Profissão muda, educação também

A Saber Educacional é assim:

  • Fundação

    Curso e Colégio Pitágoras - 1966; Saber - 2018

  • Funcionários diretos

    988

  • Alunos

    220 mil

  • Unidades

    672 escolas que usam sistemas de ensino da Saber, 2.000 em escolas próprias e 3.500 em escolas de empresas (Embraer, Vale, Alcoa etc.)

  • Principais concorrentes

    Eleva, Objetivo, Positivo, SEB, FTD, Moderna, Arco Educação, entre outros

Carreira e futuro da educação

UOL - O senhor começou como professor de cursinho e hoje é presidente de um dos maiores grupos de educação do país. Qual a sua dica para construir uma carreira de sucesso?

Mario Ghio Junior - A primeira é trabalhar muito, estudar muito. Desconheço sucesso desacompanhado de extrema dedicação, que começa no colégio, muitas vezes passa pelo cursinho e acompanha as pessoas ao longo da vida.

Eu tive a oportunidade de ver outro entrevistado no UOL Líderes dizendo que também não se aprende inglês sem sucesso, sem esforço. Não se perde peso sem esforço. E não se obtém sucesso acadêmico ou profissional sem dedicação.

Mas há outros elementos além da dedicação. Quando a gente fala das habilidades do século 21, por exemplo, nós queremos dizer que os jovens de hoje precisam ter muita dedicação, mas também ter habilidades que não são triviais: a comunicação, a capacidade de negociar e, sobretudo, serem flexíveis.

Hoje, nós preparamos jovens ou futuros profissionais de carreiras que não temos certeza quais serão. Essa adaptabilidade, talvez, seja diferente da minha geração.

Na minha geração, ou a gente se preparava para ser engenheiro, ou advogado, ou médico. Hoje, a gente prepara o jovem parar ser, talvez, algum profissional que a gente desconheça, piloto de drone, não sei. Então, a dedicação, esse desenvolvimento contínuo de habilidades são fundamentais.

Como o senhor imagina o setor de educação daqui a dez anos?

Talvez a educação básica não mude tanto nos próximos dez anos, mas o ensino médio e o ensino superior vão mudar de maneira acelerada. A mudança das profissões traz uma mudança muito rápida dos currículos universitários e também do ensino médio, que passa a ser mais flexível.

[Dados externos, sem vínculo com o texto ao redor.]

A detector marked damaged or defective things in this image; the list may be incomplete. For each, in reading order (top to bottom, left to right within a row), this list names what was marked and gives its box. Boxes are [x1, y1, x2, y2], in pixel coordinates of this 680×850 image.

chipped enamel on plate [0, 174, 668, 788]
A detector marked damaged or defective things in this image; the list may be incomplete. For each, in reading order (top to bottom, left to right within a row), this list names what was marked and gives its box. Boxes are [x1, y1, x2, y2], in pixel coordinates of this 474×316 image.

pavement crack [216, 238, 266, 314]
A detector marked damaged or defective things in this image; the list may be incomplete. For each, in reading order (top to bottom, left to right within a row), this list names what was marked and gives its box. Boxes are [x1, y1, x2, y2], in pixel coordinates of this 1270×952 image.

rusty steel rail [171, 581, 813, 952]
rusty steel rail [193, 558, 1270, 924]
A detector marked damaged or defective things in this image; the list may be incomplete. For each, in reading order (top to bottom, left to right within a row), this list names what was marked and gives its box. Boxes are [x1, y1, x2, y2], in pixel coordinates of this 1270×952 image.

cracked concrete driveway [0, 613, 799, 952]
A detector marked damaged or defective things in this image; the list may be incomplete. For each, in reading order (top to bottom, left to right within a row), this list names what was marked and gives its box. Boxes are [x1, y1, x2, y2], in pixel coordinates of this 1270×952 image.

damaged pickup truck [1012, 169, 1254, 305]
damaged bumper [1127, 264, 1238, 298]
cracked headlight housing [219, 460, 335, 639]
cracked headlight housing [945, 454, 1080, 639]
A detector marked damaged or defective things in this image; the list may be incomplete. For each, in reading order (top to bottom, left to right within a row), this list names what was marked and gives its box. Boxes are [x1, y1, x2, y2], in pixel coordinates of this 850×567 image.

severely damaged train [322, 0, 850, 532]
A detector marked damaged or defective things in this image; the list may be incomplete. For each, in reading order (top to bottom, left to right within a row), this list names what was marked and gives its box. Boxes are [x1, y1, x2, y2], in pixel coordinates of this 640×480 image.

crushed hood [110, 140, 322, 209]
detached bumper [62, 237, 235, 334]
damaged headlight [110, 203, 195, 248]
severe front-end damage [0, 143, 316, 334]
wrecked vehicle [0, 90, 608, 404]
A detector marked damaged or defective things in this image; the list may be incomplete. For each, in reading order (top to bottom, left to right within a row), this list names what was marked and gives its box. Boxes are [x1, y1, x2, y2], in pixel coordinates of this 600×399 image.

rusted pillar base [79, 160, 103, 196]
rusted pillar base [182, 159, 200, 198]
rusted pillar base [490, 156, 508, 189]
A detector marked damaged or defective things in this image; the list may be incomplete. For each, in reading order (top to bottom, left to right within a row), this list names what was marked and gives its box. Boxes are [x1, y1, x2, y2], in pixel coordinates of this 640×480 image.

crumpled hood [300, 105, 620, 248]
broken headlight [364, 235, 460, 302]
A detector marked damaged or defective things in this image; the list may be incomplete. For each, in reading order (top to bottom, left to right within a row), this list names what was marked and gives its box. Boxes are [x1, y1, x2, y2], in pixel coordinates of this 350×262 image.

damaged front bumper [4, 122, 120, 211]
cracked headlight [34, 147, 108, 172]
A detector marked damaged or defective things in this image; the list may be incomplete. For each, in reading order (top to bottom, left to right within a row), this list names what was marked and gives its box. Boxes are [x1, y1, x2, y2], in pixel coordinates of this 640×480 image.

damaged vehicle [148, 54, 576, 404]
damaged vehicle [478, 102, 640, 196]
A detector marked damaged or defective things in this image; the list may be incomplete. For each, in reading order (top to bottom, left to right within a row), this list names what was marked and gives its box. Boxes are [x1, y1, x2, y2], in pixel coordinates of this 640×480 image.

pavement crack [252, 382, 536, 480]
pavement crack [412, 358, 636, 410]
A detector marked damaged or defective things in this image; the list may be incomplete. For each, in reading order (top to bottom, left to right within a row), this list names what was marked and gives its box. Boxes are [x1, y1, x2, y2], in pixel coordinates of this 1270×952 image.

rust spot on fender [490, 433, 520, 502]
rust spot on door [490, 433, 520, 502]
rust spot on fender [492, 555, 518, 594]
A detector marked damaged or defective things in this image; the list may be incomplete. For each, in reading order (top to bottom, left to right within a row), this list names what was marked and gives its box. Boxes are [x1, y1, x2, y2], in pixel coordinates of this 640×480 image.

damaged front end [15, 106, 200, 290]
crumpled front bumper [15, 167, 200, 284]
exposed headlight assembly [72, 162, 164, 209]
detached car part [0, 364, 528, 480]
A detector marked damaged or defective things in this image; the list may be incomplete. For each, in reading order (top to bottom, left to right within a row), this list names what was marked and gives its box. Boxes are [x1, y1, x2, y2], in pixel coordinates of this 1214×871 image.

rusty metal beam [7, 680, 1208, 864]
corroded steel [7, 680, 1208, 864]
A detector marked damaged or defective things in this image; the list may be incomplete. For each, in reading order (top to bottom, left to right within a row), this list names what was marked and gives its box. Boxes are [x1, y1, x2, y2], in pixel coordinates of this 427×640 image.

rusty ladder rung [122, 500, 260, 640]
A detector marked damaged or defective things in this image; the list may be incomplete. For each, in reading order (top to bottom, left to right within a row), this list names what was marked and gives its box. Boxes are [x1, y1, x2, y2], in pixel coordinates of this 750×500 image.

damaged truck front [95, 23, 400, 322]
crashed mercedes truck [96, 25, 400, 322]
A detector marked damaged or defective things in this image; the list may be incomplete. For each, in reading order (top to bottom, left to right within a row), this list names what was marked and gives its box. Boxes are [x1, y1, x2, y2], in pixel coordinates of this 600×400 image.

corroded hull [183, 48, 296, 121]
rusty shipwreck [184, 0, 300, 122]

Nós temos na nossa companhia um portal de empregabilidade que tem centenas de milhares de alunos e dezenas de milhares de empresas tentando contratar esses alunos. As empresas dizem quais competências elas esperam dos profissionais.

É muito interessante verificar que, no geral, as dez competências mais solicitadas são socioemocionais. Ou seja, o mercado de trabalho já percebe o seguinte: você forma um aluno, por exemplo, da área de tecnologia da informação, conhecendo determinados softwares, que não serão necessários daqui a algum tempo porque esses softwares serão substituídos por outros.

Eu preciso de um aluno que seja capaz de entender um software e programar no próximo. Então, fica cada vez mais evidente que essa demanda do mercado de trabalho vira uma demanda da universidade, que, por sua vez, vira uma demanda no ensino médio. O que nós vamos ter é o Brasil, de fato, sendo compelido a executar esse pacto da base nacional.